[Problem details]
Pictures must not appear; the answer is exactly the lines from the one that holds "URBANISATION · BENIDORM 🌴🏡**" through the end of the material.

[Extracted data]
----
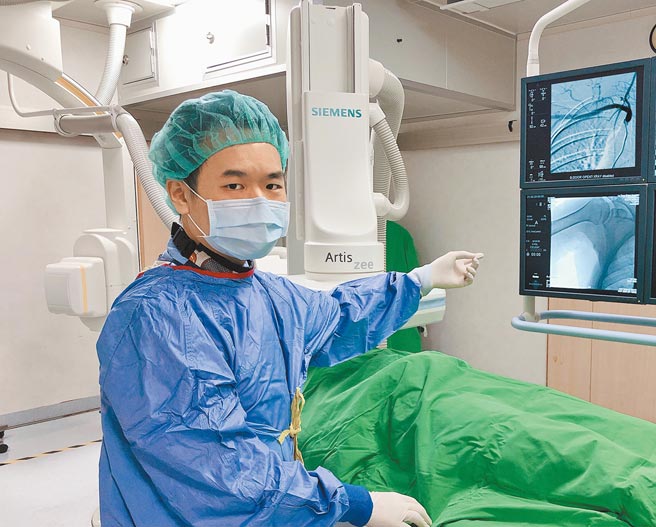 邱则诚医师表示，血管内微栓塞疼痛治疗透过血管摄影，将栓塞药物经由微导管送至肩。（罗东博爱医院提供）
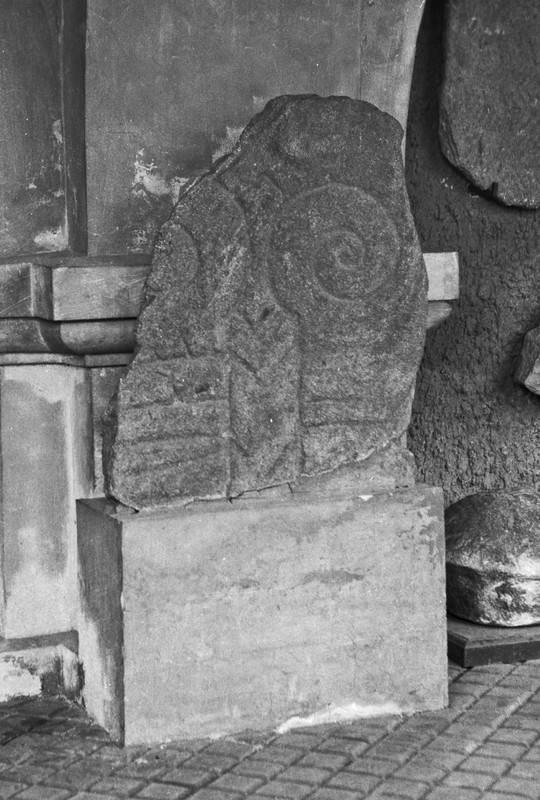B 13736 Fra protokoll: "Runestein fra Klepp, Rogaland. St. l. 0,63 m, st. br. 0,52 m. Steinen har dekor og innskriften: "Heden ... ... Bodvar". Steinen er identisk mednr. 226 i "Norges Innskrifter med de yngre Runer", bd. III".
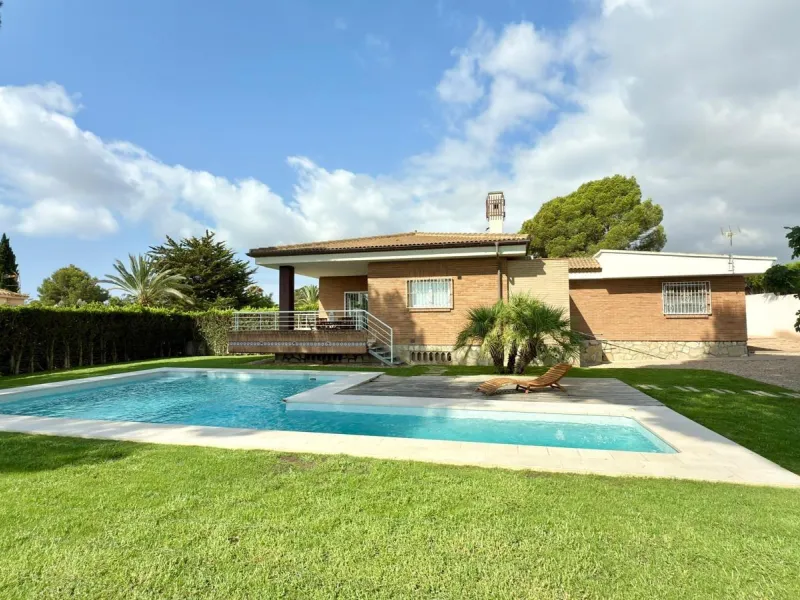 **EXCLUSIVE VILLA IN COBLANCA URBANISATION · BENIDORM 🌴🏡**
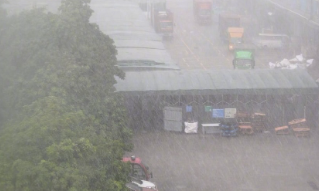 【视频】台风“韦帕”直扑广东制造强风雨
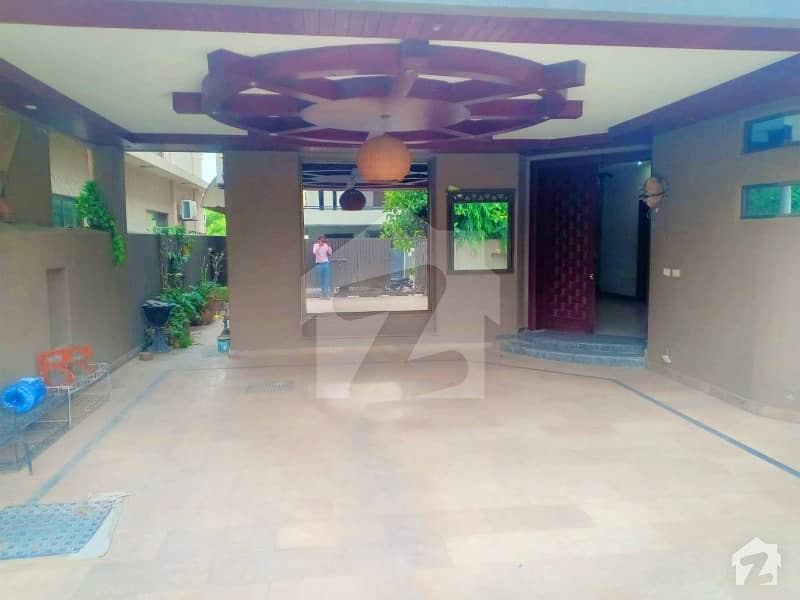 1 Kanal Out Class House For Rent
----
[Response to the task]
 **EXCLUSIVE VILLA IN COBLANCA URBANISATION · BENIDORM 🌴🏡**
 【视频】台风“韦帕”直扑广东制造强风雨
 1 Kanal Out Class House For Rent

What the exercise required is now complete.